Create a virtual environment for development:
$ virtualenv dvlpt
(dvlpt)$ pip install ltpkgbuilder
Create a directory for your package:
(dvlpt)$ mkdir toto
Run ‘manage’ inside this directory:
(dvlpt)$ cd toto (dvlpt)toto$ manage init (dvlpt)toto$ manage add -opt base (dvlpt)toto$ manage regenerate
This will create the bare basic minimum for a python package. Add more options (see Add Package Structure Functionality for more options) afterward. Especially, maybe the ‘base’ option that will create a ‘src’ directory to put your code in it.
Packages generated with Package Builder contains three different types of files:
- ‘pkg_cfg.json’, a resource file that contains the information you entered at some stage during the configuration phase of adding an option.
- generated files, susceptible to be regenerated at any time or with version change and not meant to be modified by user. These files are generated automatically by the package builder using templates provided with the package.
- developer data and modules edited by hand which contains the actual python code of the package independently of the structure of the package. ltpkgbuilder will never touch them. If they conflict with some files used by a newly added option, the user will be prompted and will have to solve the conflict to install the option.
A call to the ‘update’ command will check for new versions of the package or any available option:
(dvlpt)toto$ manage update
This command requires an internet connection since local installation will be compared to current code on github.
If a newer version exists, you will be prompted for installation. After a successful installation you will be prompted for new arguments if the configuration of one of your installed options was upgraded in the process.
If update is successful, a call to regenerate is mandatory to rebuilt the package structural files:
(dvlpt)toto$ manage regenerate
This phase will never overwrite any files you modified or created.
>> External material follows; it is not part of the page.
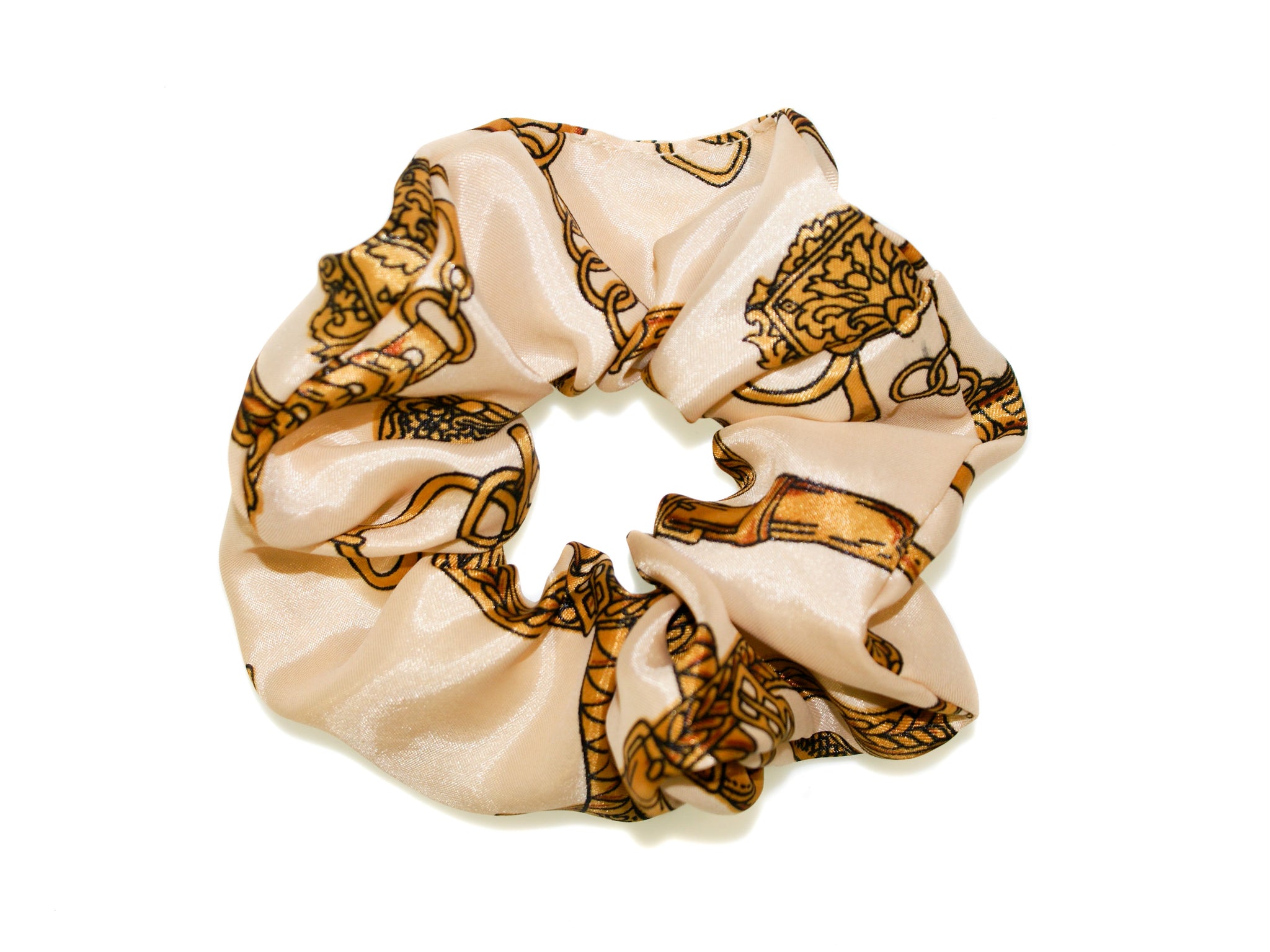 Polo Satin Large Scrunchie - Gold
You’ll be prompted in case of conflicts but it is your responsibility to solve them and relaunch the command.
Package Builder provide a set of options to introduce new functionality to an already existing package:
- base: base option, basic package management
- license: will help the developer to choose a license and add the relevant files
- doc: Add some documentation to your package
- test: basic unitests using Nose
- coverage: add code coverage to the basic test configuration
- pydist: make your package distributable with setuptools (i.e. setup.py)
- data: will guide through all the steps to add non python files to a package
- github: will guide through all the step to safely store the package on Github
- readthedocs: step by step guide to have your documentation on ReadTheDocs
- travis: will guide through all the steps to compile the code on Travis-CI
- tox: defines config files to use multi environment testing, Tox
- flake8: install and config Flake8 tools to check for code compliance to PEP8 guidelines.
- pypi: step by step guide and configuration to upload package on PyPi.
To install a new option call the ‘add’ action:
(dvlpt)toto$ manage add -opt license
The script will perform different tasks sequentially:
- Check if this option requires other options in order to be installed: e.g. the ‘pydist’ option requires all ‘base, ‘doc’, ‘test’, ‘license’ and ‘version’ in order to run properly.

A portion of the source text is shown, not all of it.